The first step in scalp dermarolling is choosing the right tool. "Dermarolling with needles between 0.8 to 1.5 millimeters are generally quite safe to use," says Atoyebi. "Using needles that exceed this length can go too deep into the dermis and damage the hair follicle and worsen the condition the dermarolling intended to remedy."
Next, Reavey says it's best to use a dermaroller on a clean, wet scalp. "First, part the hair and then roll front to back once, and then side to side without applying too much pressure." Repeat this process all over your head in sections. "Parting the hair will help to ensure the needles can puncture the scalp adequately without getting caught in the hair and potentially damaging it," adds Atoyebi. You can rollover the same area about four to five times, recommends Friese.

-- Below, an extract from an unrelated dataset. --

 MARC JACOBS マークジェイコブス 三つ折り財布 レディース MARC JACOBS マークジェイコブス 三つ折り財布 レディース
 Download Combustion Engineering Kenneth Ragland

Once you've finished, following up with the proper scalp and haircare is necessary because the scalp will now easily absorb whatever you put on it. Opt for a product that targets any of your hair concerns. For example, if you experience androgenetic alopecia, Friese says you'll want to follow up with a product formulated with minoxidil like the BosleyMD Hair Regrowth Treatment ($40, ulta.com).

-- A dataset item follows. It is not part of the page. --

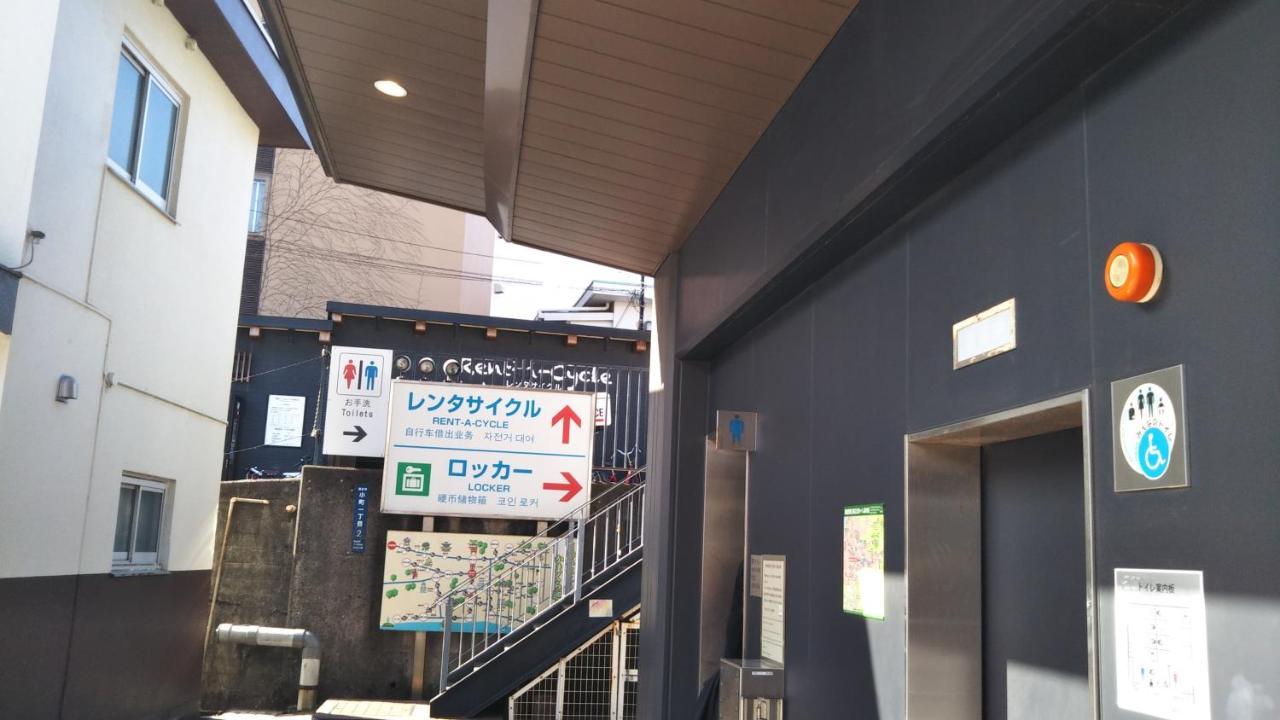 B&B Yuigahama Kamakura Exterior photo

To maintain hair health and growth, you can also opt for a hydrating serum. We recommend the Act+Acre Cold Processed Stem Cell Serum ($85, revolve.com), which is a lightweight formula that feels refreshing on the scalp and also helps reduce hair thinning, dryness, fallout, and protects against sun damage and pollution.
How Often Should You Use a Dermaroller on the Scalp?
"It depends on the length of the needles on your dermaroller," says Friese. "The shorter the needles, like 0.25 millimeters, the more often you can use it." She recommends every two to three days. For longer needles, like 1.5 millimeters, she recommends every couple of weeks since it punctures more deeply.
Regardless of your hair type or particular scalp condition, be careful not to overdo it because it can cause more harm than good. "Dermarolling more often doesn't mean improved or quicker results," says Atoyebi. "If one isn't careful, doing so too frequently can cause short-term shedding as part of the inflammatory reaction to excessive trauma and increase the risk of infection as the skin's barrier will be in a constant state of trauma and never get to heal properly."
And finally, once you've finished dermarolling your scalp, always make sure to clean and properly store your tools. "Clean your device with rubbing alcohol after each use and be sure it's dry before you place it back in the case," says Dr. Shirazi. Once back in the case, store it in a cool and dry area.